When discrete data is confused as continuous, inappropriate conclusions can be reached (chances are you have 2.3 thermostats in your house).

discrete-as-continuous

When continuous data is confused as discrete, granularity is lost. We can’t tell from the graph below whether there’s a large portion of 0.0km entries, if only odd decimal entries exist (0.1, 0.3, 0.5…), or any other detail hidden by these brackets.

continuous-as-discrete

Simple data vs compound data

Compound data have multiple values that bear some relation to each other.

Simple
How big is your television diagonally (24″, 32″, 34″…)
Compound
What are the dimensions of your television (20″x18″, 24″x20″…)

Compound data can be misrepresented as multiple simple data axes by ignoring the coupling between the two values, whereby the conditional probabilities are lost. Worse, it can be restricted down to a single simple data axis, whereby relevant data is entirely discarded (e.g. do sampled televisions only exist at certain aspect ratios?).

compound-as-simple

Descriptive data vs prescriptive preferences

Descriptive
What did you have for dinner last night?
Prescriptive
What should we have for dinner tonight?

The difference is subtle, but it’s there. With descriptive data, respondents have no incentive to tactically misrepresent their opinions. With prescriptive preferences, respondents (aka voters) are aware that their response will influence a future that likely affects them and will vote accordingly.

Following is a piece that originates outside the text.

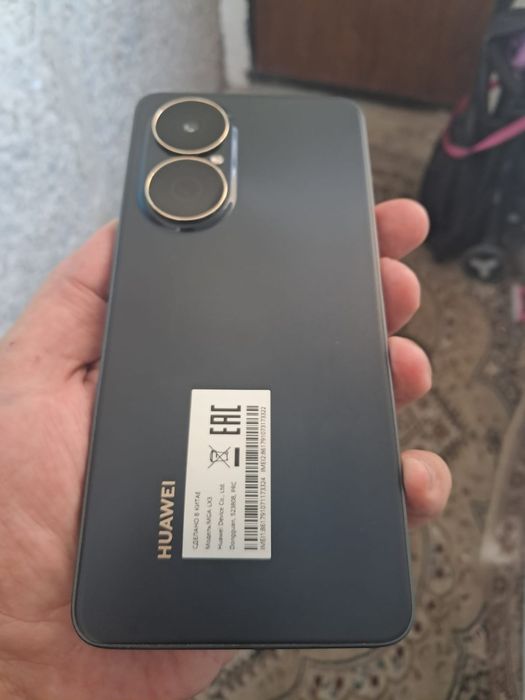 Телефон Huawei Nova Y73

When prescriptive preferences are confused as descriptive data, a few things can happen:

  • Continuous data can be filtered down into discrete data. Instead of allowing degrees of preference, ballots are restricted to binary expressions of support.
  • Compound data can be filtered down into simple data. Although multiple options exist, ballots restrict the voter to supporting a single candidate.

Both confusions are present when Plurality voting is used in lieu of a more expressive ballot, where in voters could express more than just a single binary preference for a single option. Maybe this comes from ignorance of alternative voting methods, technical restrictions from the online voting application used, or seeing everything as a nail when you’re holding a hammer; Take your pick.

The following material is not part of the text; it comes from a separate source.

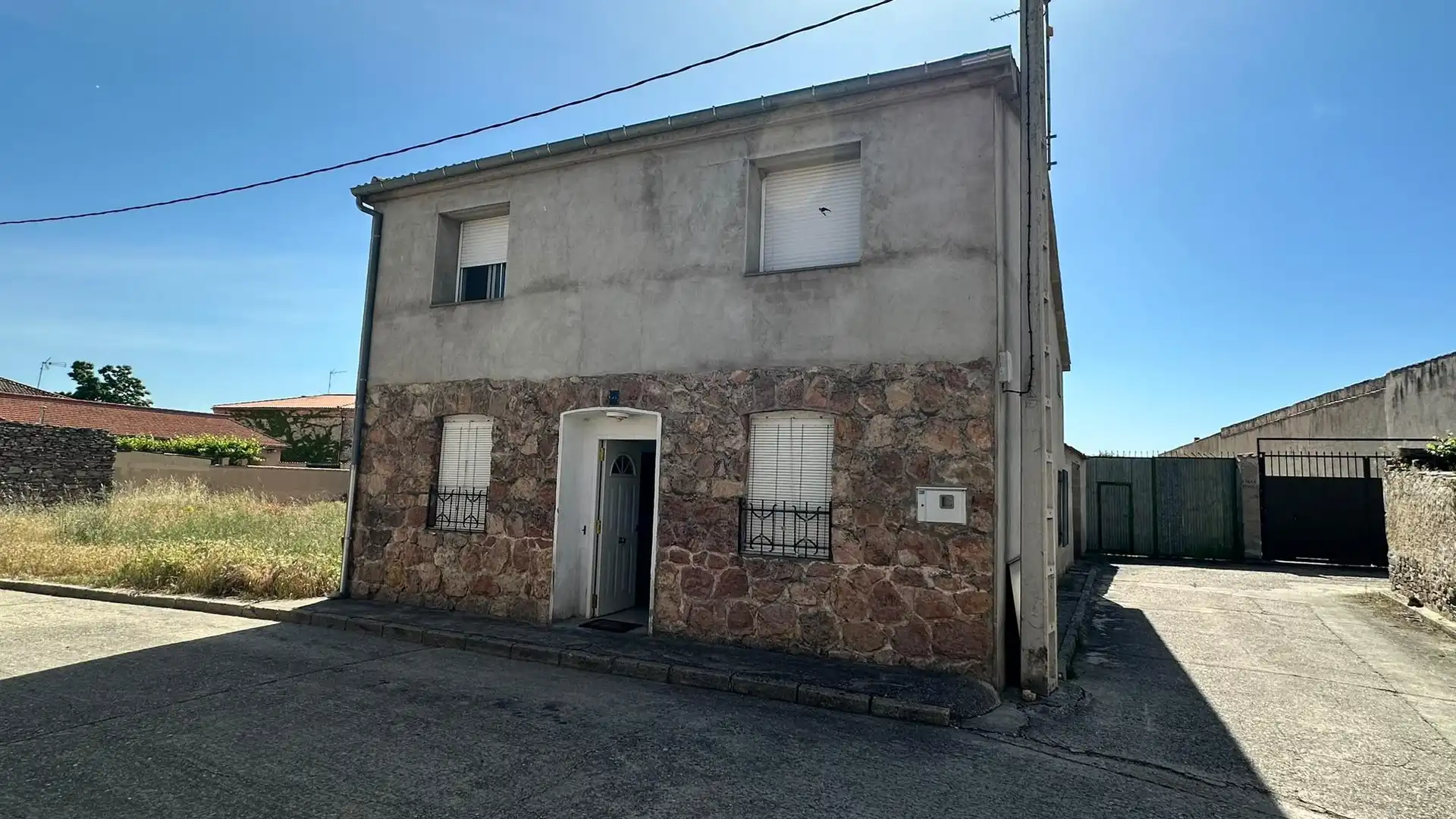 Vista exterior de Casa o chalet en venta en Pinarnegrillo con Calefacción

When Plurality voting is used to obtain prescriptive preferences, the same type of analytical fallacy is being made as is detailed in the above examples, all of which lead to a poor understanding of the underlying reality the data represents.

Implementing Schulze STV

Thus far, my implementation of Schulze STV has worked fairly well. The downside I’ve recently run into is in simulating real world multiple winner elections. Take Vancouver’s 2008 municipal election as an example, in which 32 candidates ran for 10 seats. The problem-space we’re looking at consists of 32 choose 10 nodes and (32 choose 10) x 11 edges. For those unfamiliar with binomial coefficients, that’s roughly 64 million nodes and 709 million edges. Exponential runtime is a bitch.

For the purposes of heuristic development, let’s look at Tideman’s A03. It’s a set of 989 ballots to elect 7 winners from 15 candidates. Schulze STV computes the winning set as B/D/E/F/H/K/N by looking at 6435 nodes and 51480 edges. How do we best prune the number of candidates down so as to look at a smaller subset, yet still produce the same winning set in most cases? Well, what’s quickly available? We can easily calculate the sum of all votes, standard deviation, and whatnot.

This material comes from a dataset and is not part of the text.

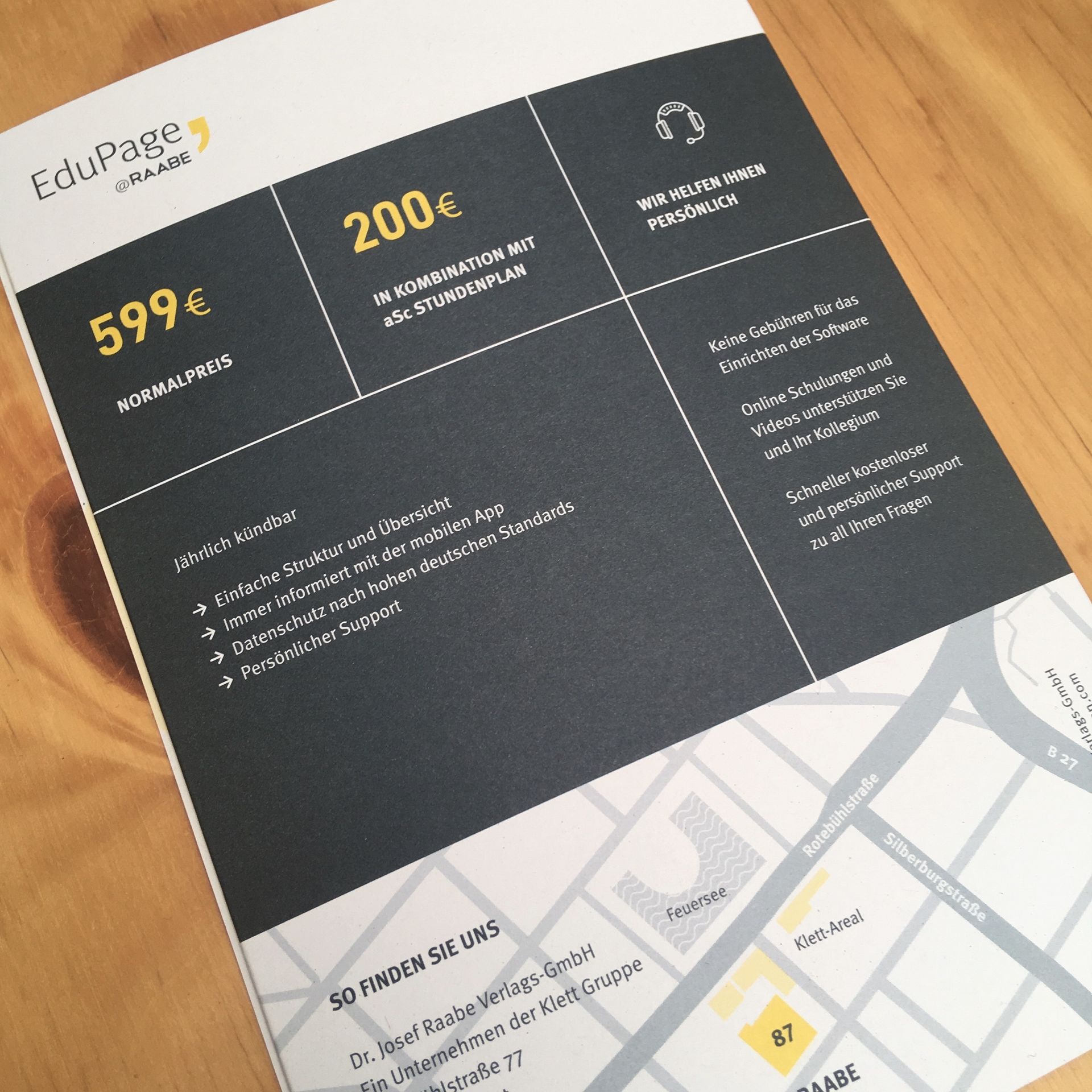 EduPage-Flyer Rückseite EduPage-Flyer Rückseite in Anthrazit mit den Infos über Preise und Kontaktdaten.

If we wanted to prune off the least preferred by sum (indicated by larger sums), we’d be cutting off one of a winner Schulze STV would want to elect. Alternatively, let’s look at the number of voters that mark each candidate in first place. If a voter marks two candidates in first place, split their vote between the two.

That heuristic seems great at first as it didn’t accidentally eliminate winning candidates and it reduced the number of nodes to 120, a 98% reduction in problem space size. However, the winning set would now be computed by SchulzeSTV as A/B/D/E/G/L/N, which is significantly different. Furthermore, the heuristic is going to incentivize tactical voting. Sometimes there aren’t any easy shortcuts and the best thing to do is just optimize the implementation.